* [Work request]
Could you repeat all of the entries word for word, minus any pictures?
------ Excerpted records ------
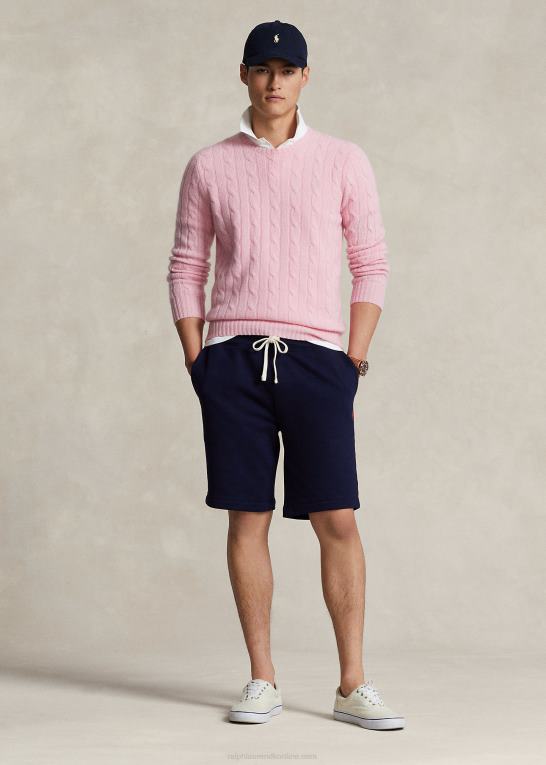 krydstogtflåde Mænd Ralph Lauren rl fleece 9,5 tommer kort Z426B342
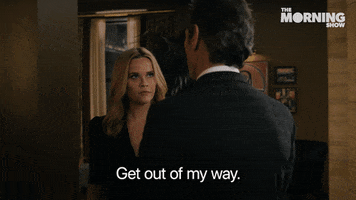 Angry Reese Witherspoon GIF by Apple TV+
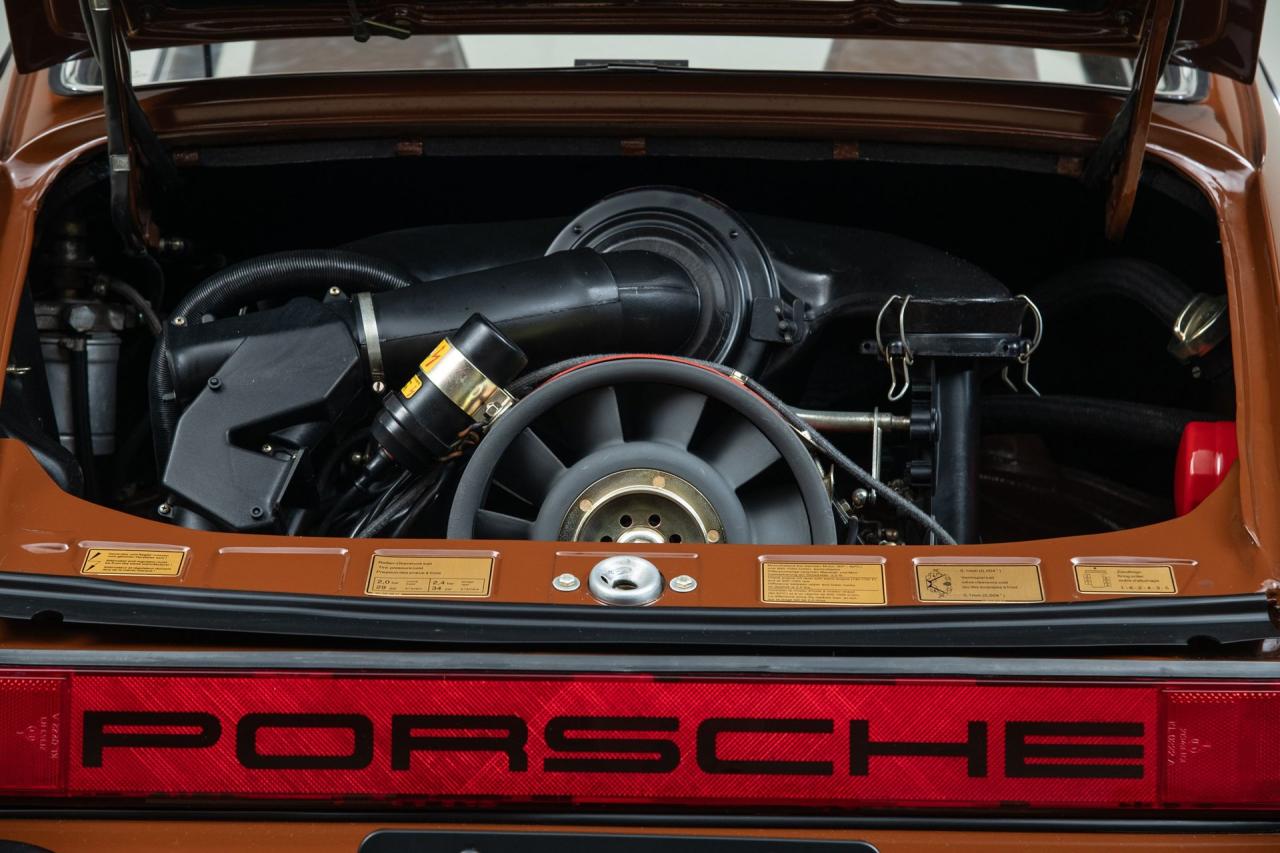 1976 Porsche 911 Carrera 2.7 MFI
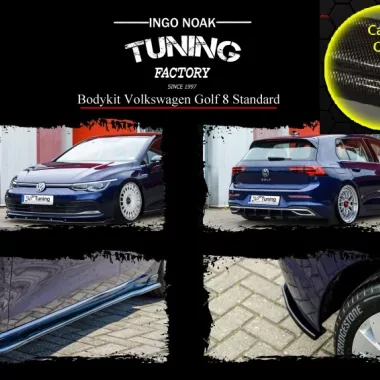 BODYKIT INGO NOAK PER VW GOLF MK8 CARBON LOOK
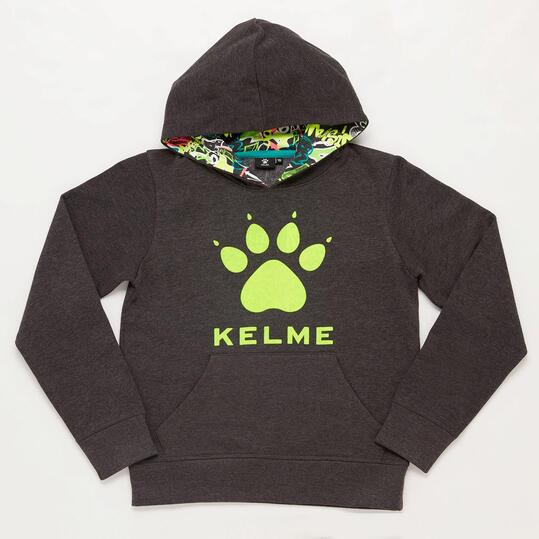 Sudadera Kelme Negra Junior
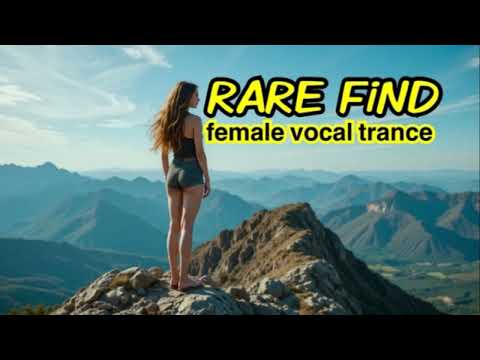 Rare Find (female vocal trance)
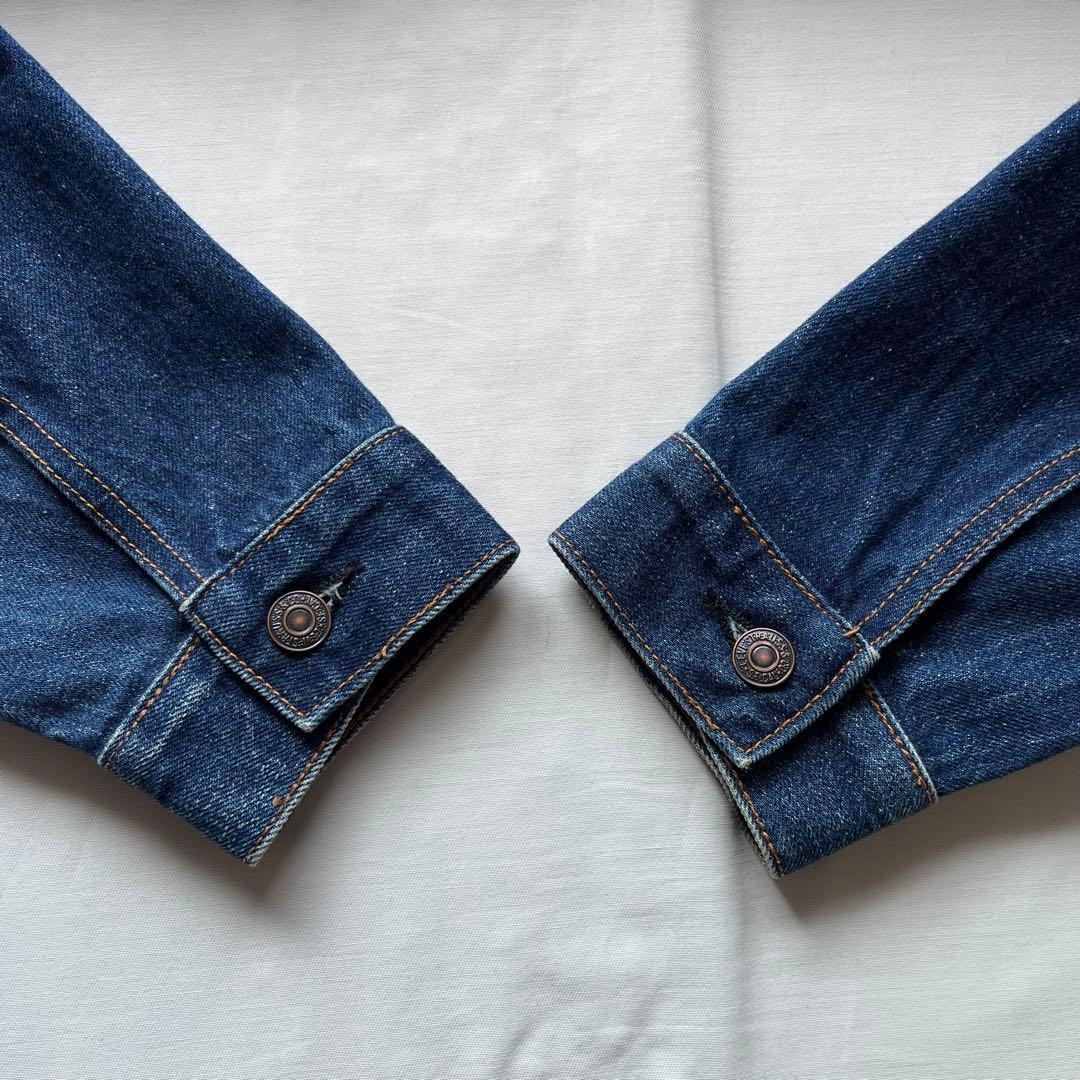 levi's リーバイス　デニムジャケット　gジャン　70505 00s L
------
* [Solved problem]
 krydstogtflåde Mænd Ralph Lauren rl fleece 9,5 tommer kort Z426B342
 Angry Reese Witherspoon GIF by Apple TV+
 1976 Porsche 911 Carrera 2.7 MFI
 BODYKIT INGO NOAK PER VW GOLF MK8 CARBON LOOK
 Sudadera Kelme Negra Junior
 Rare Find (female vocal trance)
 levi's リーバイス　デニムジャケット　gジャン　70505 00s L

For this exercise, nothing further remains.